Study of Improvements in NOx Reduction Performance on Simultaneous Reduction System of PM and NOx 2005-01-3884
Performance improvements were studied for the diesel particulate and NOx reduction system (DPNR), a system that simultaneously reduces NOx and Particulate Matter (PM) from diesel engine exhaust gas. The experimental system (hereinafter called the “dual DPNR”) consists of two DPNR catalysts arranged in parallel, each provided with an exhaust throttle valve downstream to control the exhaust gas flow to the catalyst, plus a fuel injector that precisely controls the air-fuel ratio and the catalyst bed temperature. The fuel injector is used to supply a rich mixture to the DPNR catalyst, and the flow of exhaust gas is switched between the two catalysts by operating the exhaust throttle valves alternately.
Tests were conducted with the engine running at steady state. The results indicated that the NOx reduction performance dramatically improved and the loss of fuel economy from the NOx reduction reduced. This was achieved by using the exhaust throttle valve to lower the Specific Velocity (SV) ratio on the catalyst therefore maintaining a rich atmosphere for the optimum length of time. The dual DPNR system is also expected to improve NOx reduction performance during forced PM oxidation, which is difficult for a conventional system, and also to improve recovery performance from catalyst poisoning due to sulfur. The main issues for commercialization are dealing with transient operation.
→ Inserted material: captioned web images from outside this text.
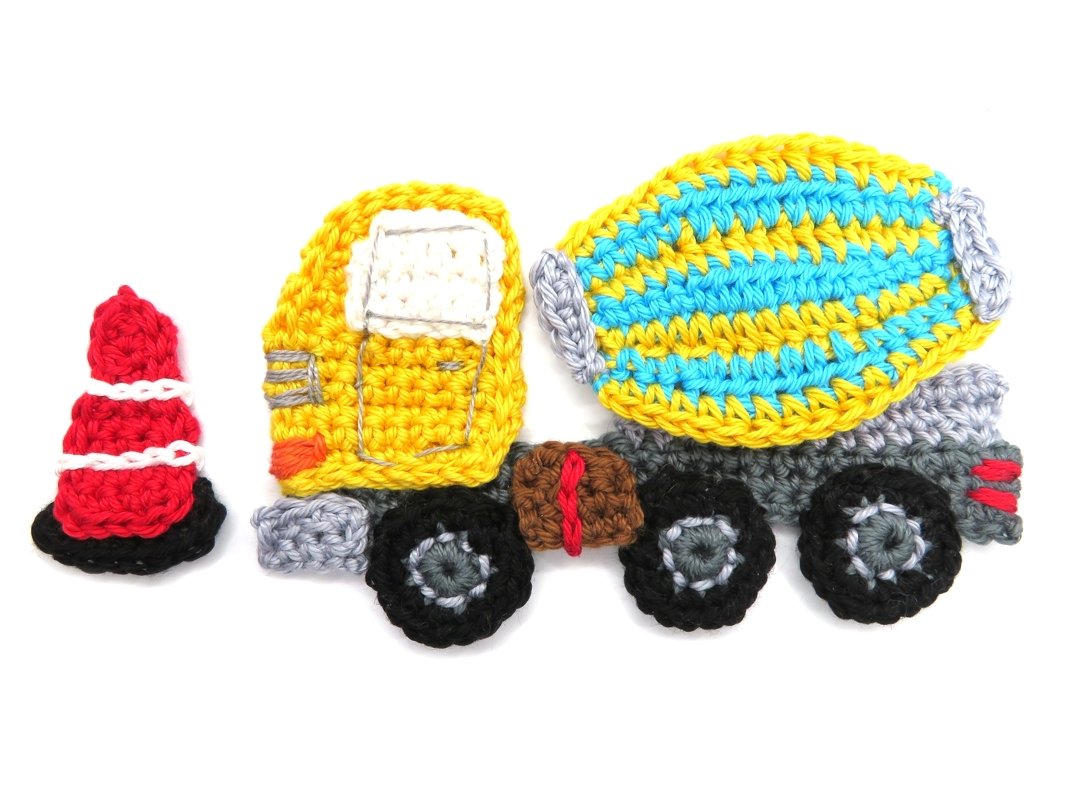 Cement mixer truck Crochet Applique Pattern - Image 2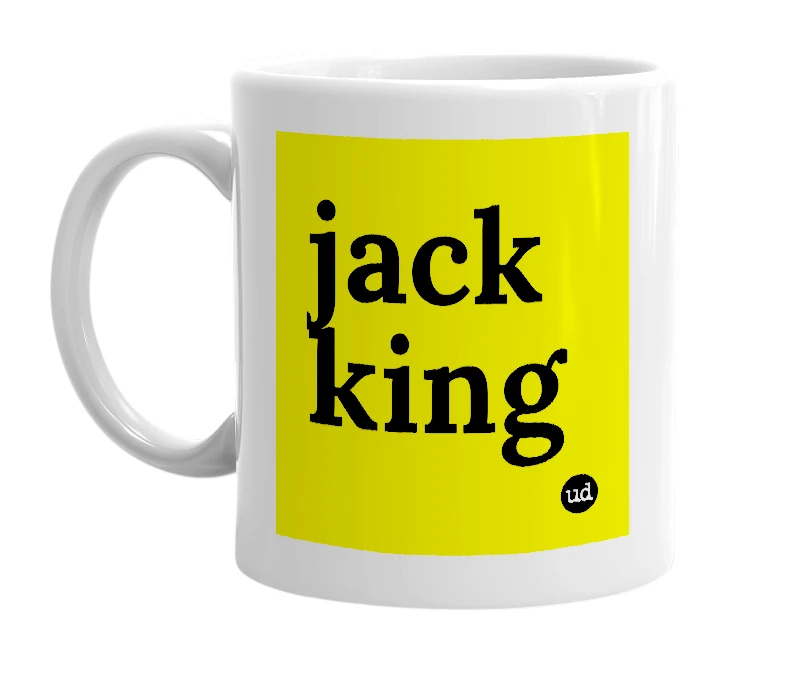 White mug with 'jack king' in bold black letters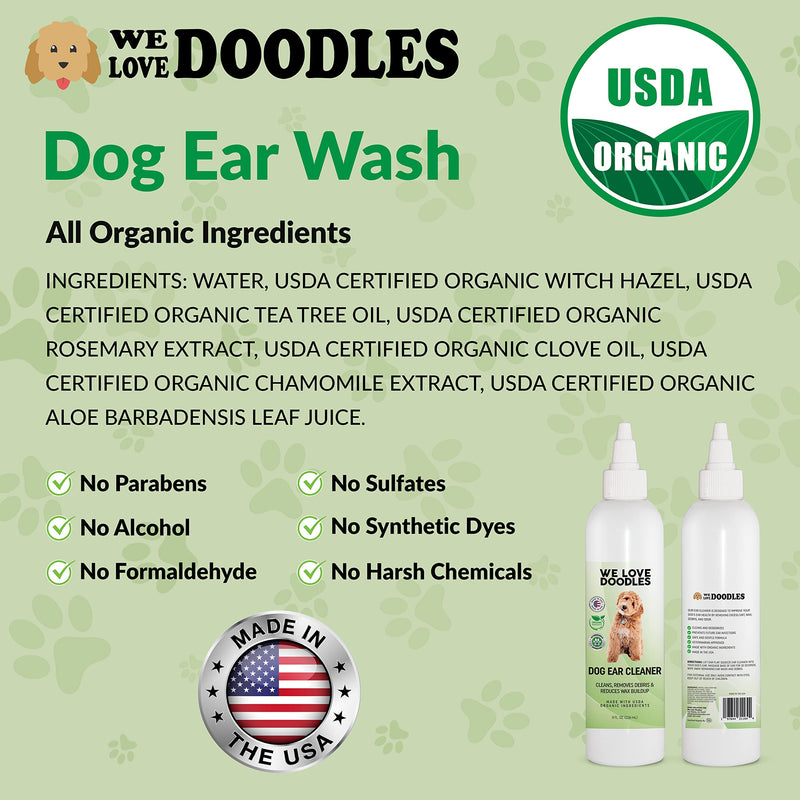We Love Doodles Organic Dog Ear Cleaner | Ear Wash for Dogs | Made in USA | Natural | Clean Ear Drops | Prevents Infection, Itching & Odor | Puppy Ear Cleanser | Pet Cleaning Ears Solution - BeesActive Australia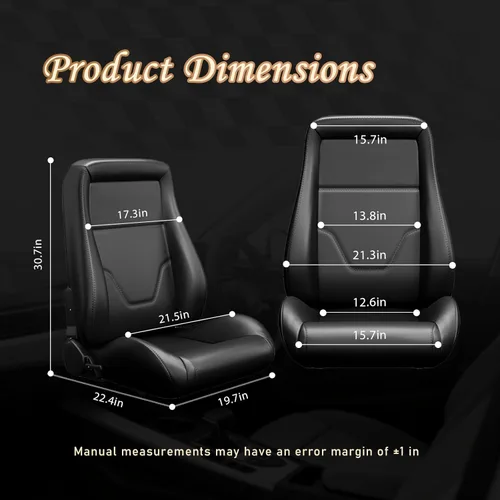 Vista 3 de Universal Classic PVC OBS Style Asientos con dos deslizadores reclinables de respaldo bajo Racing asiento de cubo (negro)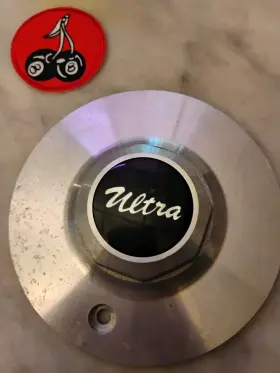89-8355 Ultra Autoparts #8355 Polished With Scuff 7-1/4 Inch Wheel Center Cap Rise Hex Nickel Emblem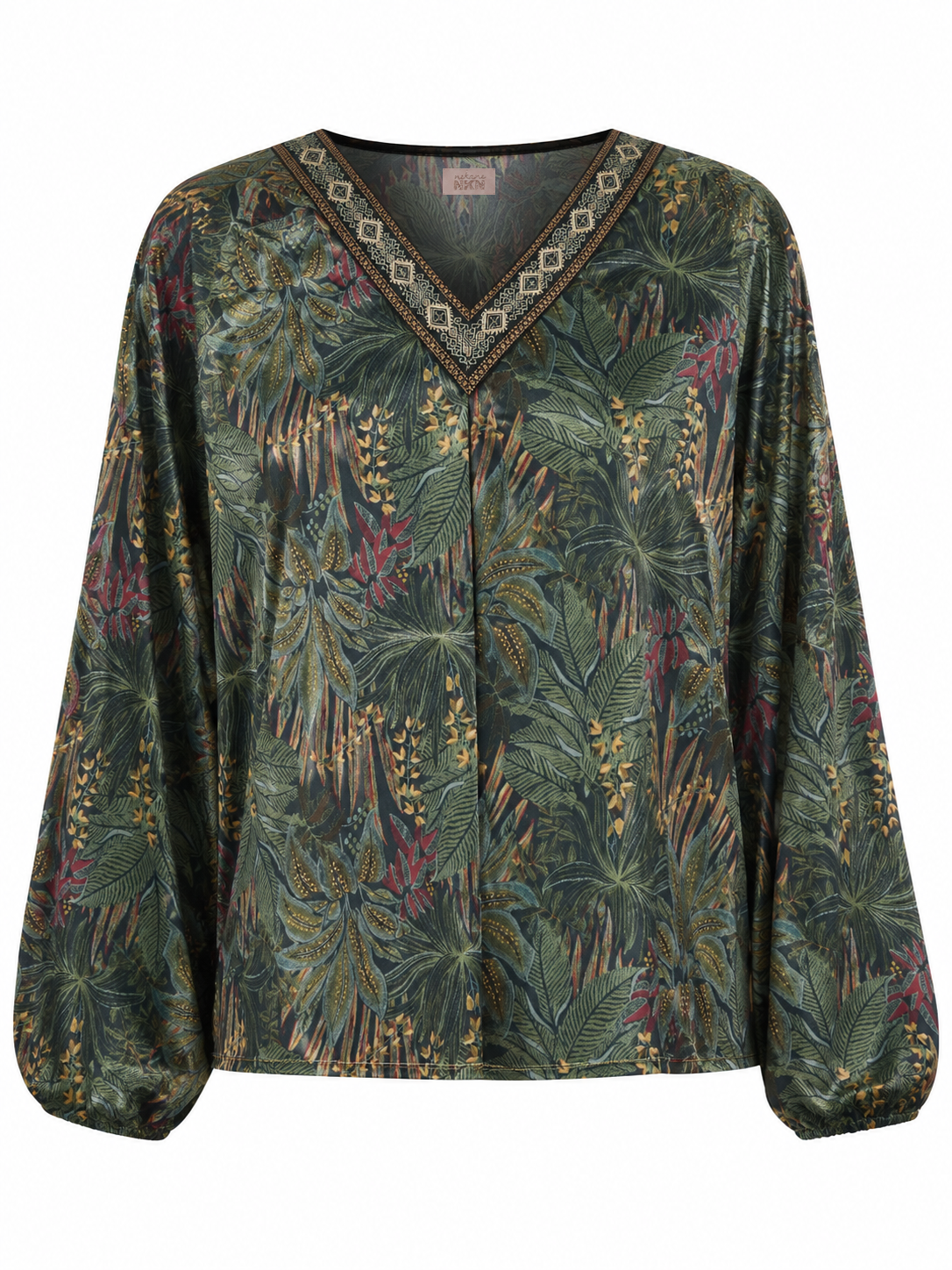 BLUSA TERCIOPELO ESTAMPADO BOTÁNICO - VERDE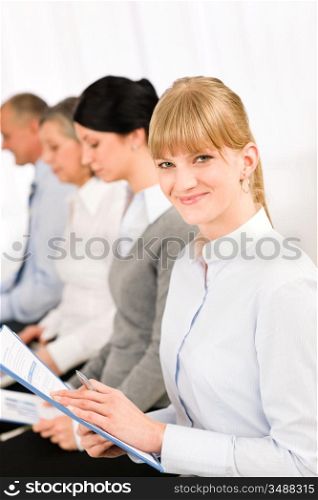 Interview applicants business people waiting study report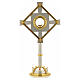 Monstrance in bi-coloured bronze with red stones s1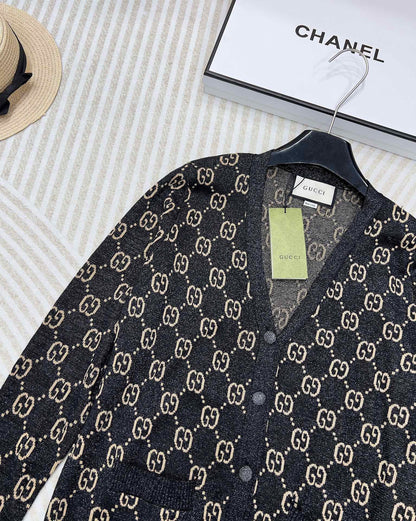 GG V-Neck Long Sleeve Cardigan Black Beige Monogram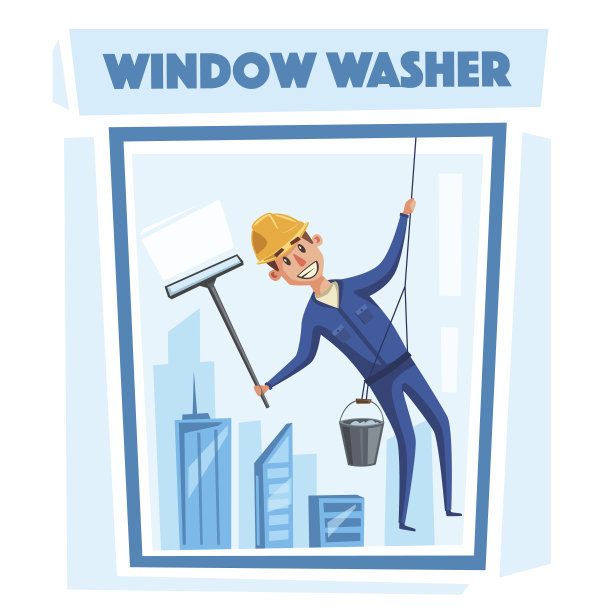 清洁窗户的专业人员。卡通矢量图图片下载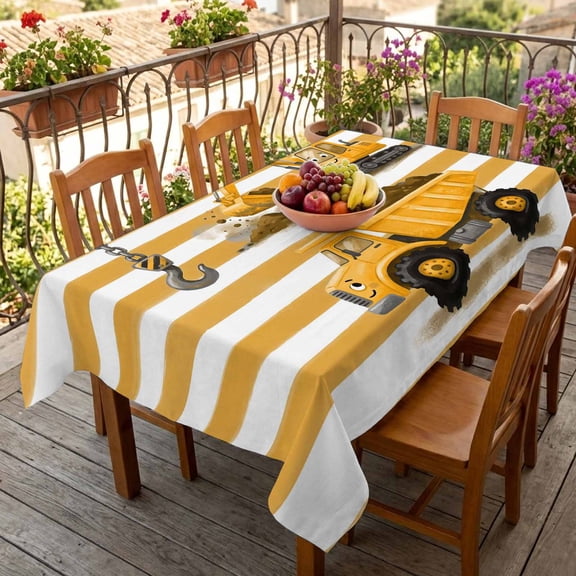 Cute Mini Car Ground Truck Excavator Table Cloth 60x84in, Waterproof Rectangle Tablecloth Wipeable Tablecloths Yellow Striped Table Covers for Dining Tables Party Indoor Outdoor
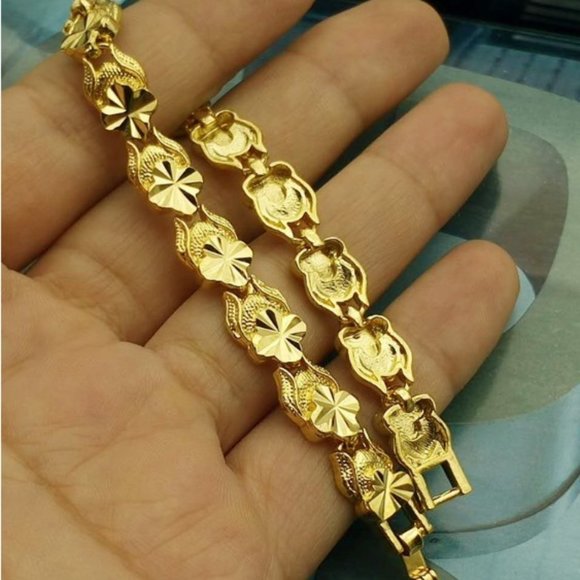 High Quality Fine Jewelry 24K Gold Plated Bracelets - Picture 9 of 10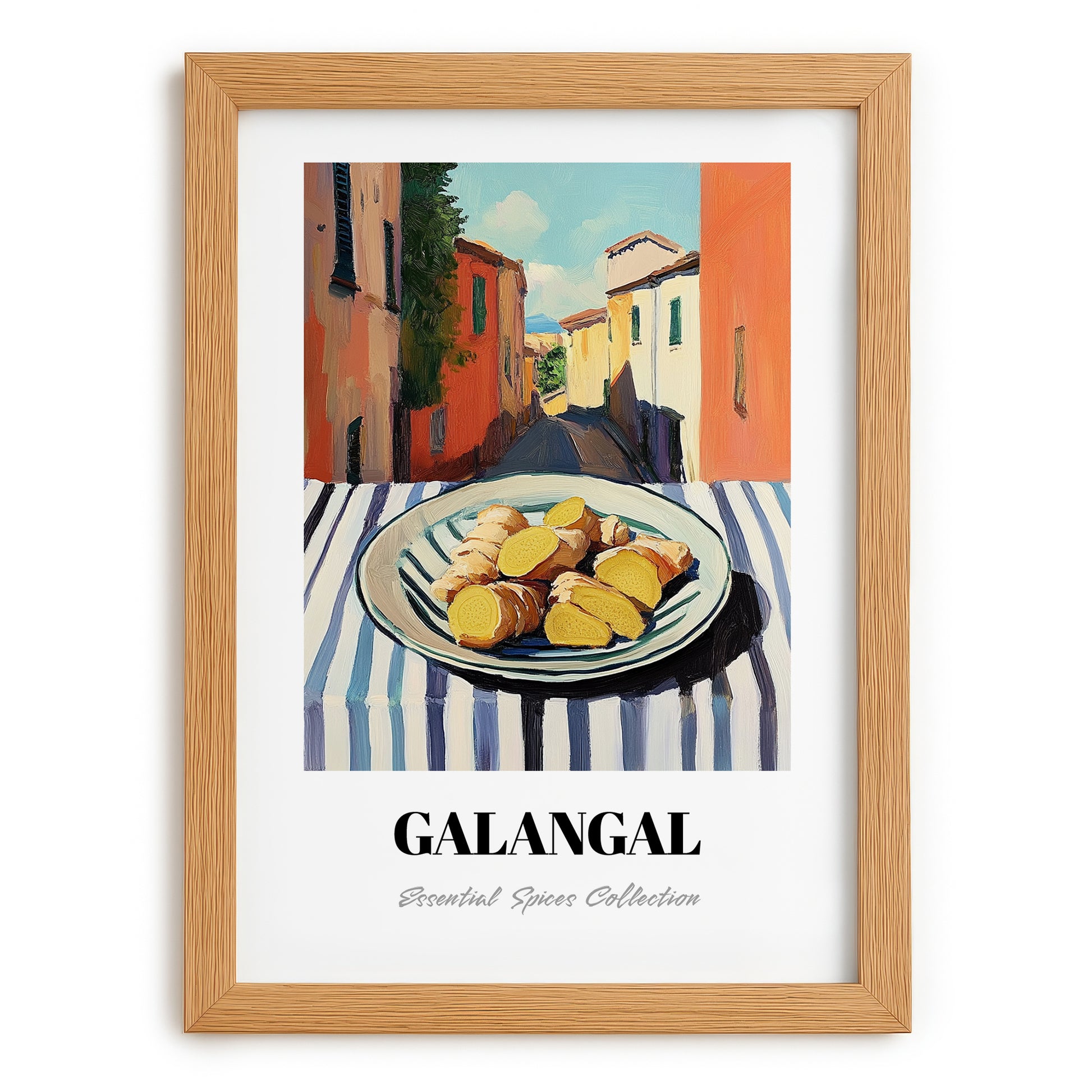 Galangal – Italian Café on the Corner, Spices Poster, set in oak frame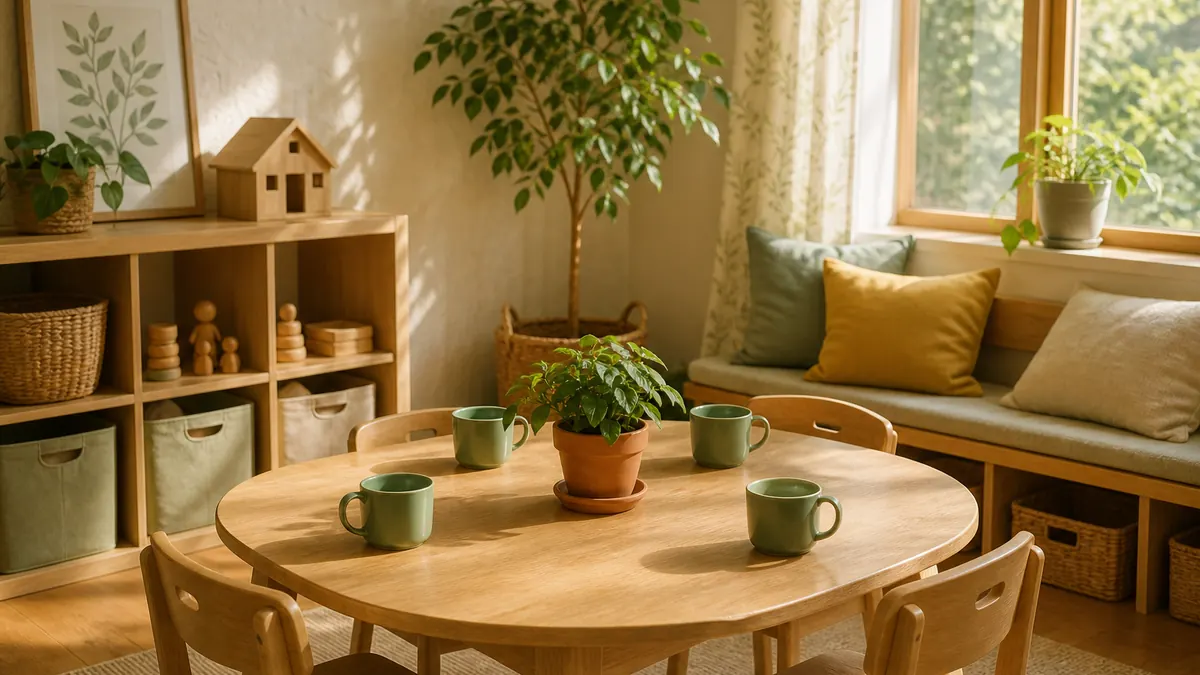 A sunlit wooden kitchen table in a cozy home daycare, with four sage-green mugs and a potted plant.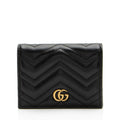 Gucci Matelasse Leather GG Marmont Card Wallet (SHF-vb1hJE)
In this paper, the durability of the catalyst is also reported as the major issue of DPNR in the APPENDIX. Specifically, a long-term endurance evaluation equivalent to 250,000km running was carried out using a mass-production engine. This was to clarify the effects of the sulfur concentration in the fuel by reducing the amount of NOx stored in the catalyst, as well as the effects of low-ash oil that clogged the catalyst. Research has yielded basic data on the use of DPNR catalysts in commercial vehicles which require better catalyst performance and durability.